The European Central Bank’s own calculation of the single currency’s effective exchange rate, against a trade-weighted basket of 38 other currencies, shows it has risen faster than the more commonly tracked exchange rate, against the dollar.
Trade-weighted, the euro is at the highest level since early January last year, about three weeks before the ECB president officially announced his quantitative-easing programme.
Just measured against the dollar, the single currency is at its highest level in more than three months.
“Having succeeded in bringing the euro down sharply last year, the ECB has recently fallen behind in the race among global policy-makers to weaken their currencies, in order to boost growth and stave off deflation,” Jonathan Loynes, an economist at Capital Economics, wrote in a note to clients yesterday.
“While the ECB has always insisted that the currency is not a policy tool, it is clear that it needs to weaken the euro again, significantly, in order to meet its inflation target,” Mr Loynes said.
Mr Draghi has been struggling to revive inflation in the region, in the face of an oil slump.
But while cheap crude is a boon for consumers and boosts economic activity, a stronger currency might put pressure on exporters and take the wind out of the region’s weak recovery.
Since June, 2014, the ECB has resorted to negative rates, which can push down the exchange rate.
Policy-makers say they don’t target the exchange rate.

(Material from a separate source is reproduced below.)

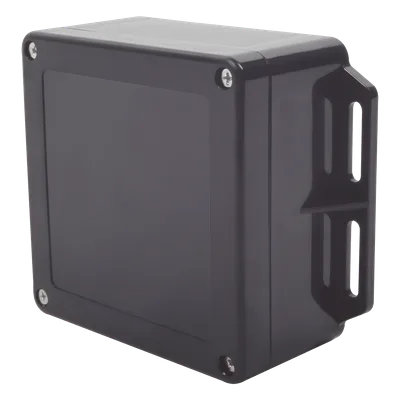 Gabinete de Protección Exterior / IP65 / 120 x 120 x 60 mm / ABS / -20 a 60°C / Cierre por Tornillos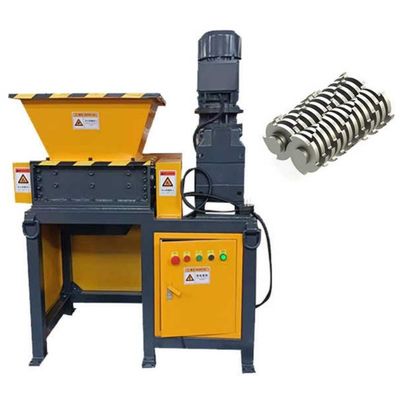Macchina di triturazione di rottami metallici medi basso rumore automatico per impianti / elettrodomestici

Markets fully price-in a further cut in March, which would push the rate to minus 0.4%.
“They are now forced to hint at larger cuts — potentially along with a two-tiered system for bank-reserves management — in order to put their money where their mouth is,” said Frederik Ducrozet, an economist at Banque Pictet, in Geneva, who tracks the gauge on a daily basis.
The ECB has recently revised the relative weights of the 38 currencies it tracks to calculate the effective exchange rate, boosting the importance of China’s renminbi.